You can also choose the proportion of training data you would like.

In [None]:
print("Size of training set before: ", x_train.shape)
(x_train, y_train), (x_test, y_test) = boston_housing.load_data(test_split=0.10)
print("Size of training set after: ", x_train.shape)

In [None]:
from keras.utils import normalize
x_train = normalize(x_train, axis=1)
x_test = normalize(x_test, axis=1)

# Models
Every thing in Keras starts out with a model. From an initial model, we can add layers, train the model on data, evaluate the model on test sets, etc. We initialize a model with ``Sequential()``. `Sequential` refers to the fact that the model has a sequence of layers. Personally, I have very rarely used anything other than `Sequential`, so I think it's all you really need to worry about.

In [None]:
from keras.models import Sequential
model = Sequential()

Once we have a model, we can add layers to it with ``model.add``. Keras has a really good range of layers we can use. For example, if we want a basic fully connected layer we can use ``Dense``. I will now run through an example of using Keras to build and train a fully connected neural network for the purposes of regressing on housing prices for the dataset we loaded earlier.

In [None]:
from keras.layers import Dense
model.add(Dense(16, input_shape=(13,)))

This line of code adds a fully connected layer with 16 neurons. For the first layer of any model we always have to specify the input shape. In our case we will be training a fully connected network on the Boston Housing data, so each data point has 13 features. That's why we use an input_shape of (13,). The nice part about Keras is other than the input_shape for the first layer, we don't have to worry about shapes the rest of the time, Keras takes care of it. This can be really useful when you are doing complicated convolutions and things like that where working out the input shape to the next layer can be non-trivial.

Now let's add an Activation function to our network after our first fully connected layer.

In [None]:
from keras.layers import Activation
model.add(Activation('relu'))

Simple as that. We just added a relu activation to the whole layer.
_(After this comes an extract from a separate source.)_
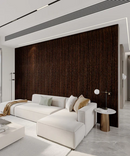 Paneles de Lambrin WPC - Calidad Premium y Durabilidad para Decoración de Muros | 1 Pieza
To see a list of activation functions available in Keras go to [Keras Activations](https://keras.io/activations/). Now let's add the final layer in our model.

In [None]:
model.add(Dense(1))

Now we can use a handy utility in Keras to print out what our model looks like so far.

In [None]:
model.summary()

You can see it shows us what layers we have, the output shapes of each layer, and how many parameters there are for each layer. All this information can be really useful when trying to debug a model, or even for sharing your model architecture with others.

# Training
Now for actually training the model. Before we train a model we have to compile it. ``model.compile`` is how you specify which optimizer to use and what loss function to use. Sometimes choosing the right optimizer can have a significant effect on model performance. For a list of optimizers look at [Keras Optimizers](https://keras.io/optimizers). Choosing the right optimizer is mostly just trying each one to see which works better; there is some general advice for when to use each one but it is basically just another hyperparameter. We also have to choose a loss function. Choosing the right loss function is really important because the loss function decides what the goal of the model is. Since we are doing regression, we want to choose mean squared error, to get our output to be as close as possible to the label.  

In [None]:
model.compile(optimizer='SGD', loss='mean_squared_error')

Now we have to actually train our model on the data. This is really easy in Keras, in fact it only takes one line of code.

In [None]:
model.fit(x_train, y_train, epochs=100)

# Evaluation
Now that we have trained our model we can evaluate it on our testing set. It is also just one line of code.

In [None]:
print("Loss: ", model.evaluate(x_test, y_test, verbose=0))

This loss might seem very high and it is, mostly because there aren't very many training points in the dataset (also no effort was put into finding the best model).

We can also generate predictions for new data that we don't have labels for. Since we don't have new data, I will just demonstrate the idea with our testing data.

In [None]:
y_predicted = model.predict(x_test)
print(y_predicted)

That's it. We have successfully (depending on your definition of success) built a fully connected neural network and trained that network on a dataset. Now it's your turn!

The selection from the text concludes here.